Mais encore, il appartenait à Mme Toussainte X...d'engager une action en responsabilité contre la SA le Crédit Lyonnais si elle estimait que son préposé avait commis une faute en lui ouvrant un compte sur livret hors sa présence et sans sa signature. Or, l'intéressée n'a contesté auprès de la banque ni l'ouverture du compte sur livret ni le virement de la somme de 31 835, 00 euros fait de son compte sur celui de sa petite-fille. L'action en responsabilité n'ayant pas été engagée du vivant de Mme Toussainte X..., son petit fils ne dispose pas d'un droit d'agir en ses lieu et place.

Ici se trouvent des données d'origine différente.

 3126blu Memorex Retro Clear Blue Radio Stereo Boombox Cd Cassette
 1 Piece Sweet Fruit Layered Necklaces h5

M. Pascal X...ne justifie donc pas plus d'un droit d'agir en représentation de feue sa grand-mère.
L'action de M. Pascal X...étant déclarée irrecevable, le jugement entrepris est réformé en ce qu'il avait rejeté la demande de l'intéressé.
L'action étant irrecevable, la cour ne peut statuer sur les autres demandes à l'exception des frais irrépétibles et du sort des dépens.
L'équité ne commandant pas de faire application des dispositions de l'article 700 du Code de procédure civile, le jugement déféré qui a rejeté la demande présentée à ce titre tant par Mme Laetitia X...que par la S. A. le Crédit Lyonnais sera confirmé et les mêmes seront déboutées des demandes qu'elles formulent du chef des frais non taxables exposés en cause d'appel.
Le jugement déféré est également confirmé en ce qu'il a mis les dépens de première instance à la charge de M. Pascal X...lequel supportera la charge des dépens d'appel.
PAR CES MOTIFS,
LA COUR :
Réforme le jugement entrepris en ce qu'il a rejeté la demande de M. Pascal, Baptiste X...et le confirme en ce qu'il a dit n'y avoir lieu à application de l'article 700 du Code de procédure civile et en ce qu'il a laissé les dépens à la charge de M. Pascal, Baptiste X...,
Statuant à nouveau du chef de la disposition réformée,
Déclare M. Pascal, Baptiste X...irrecevable en son action,
Y ajoutant,
DIT n'y avoir lieu à application de l'article 700 du Code de procédure civile,
Laisse à la charge de M. Pascal, Baptiste X...les dépens d'appel.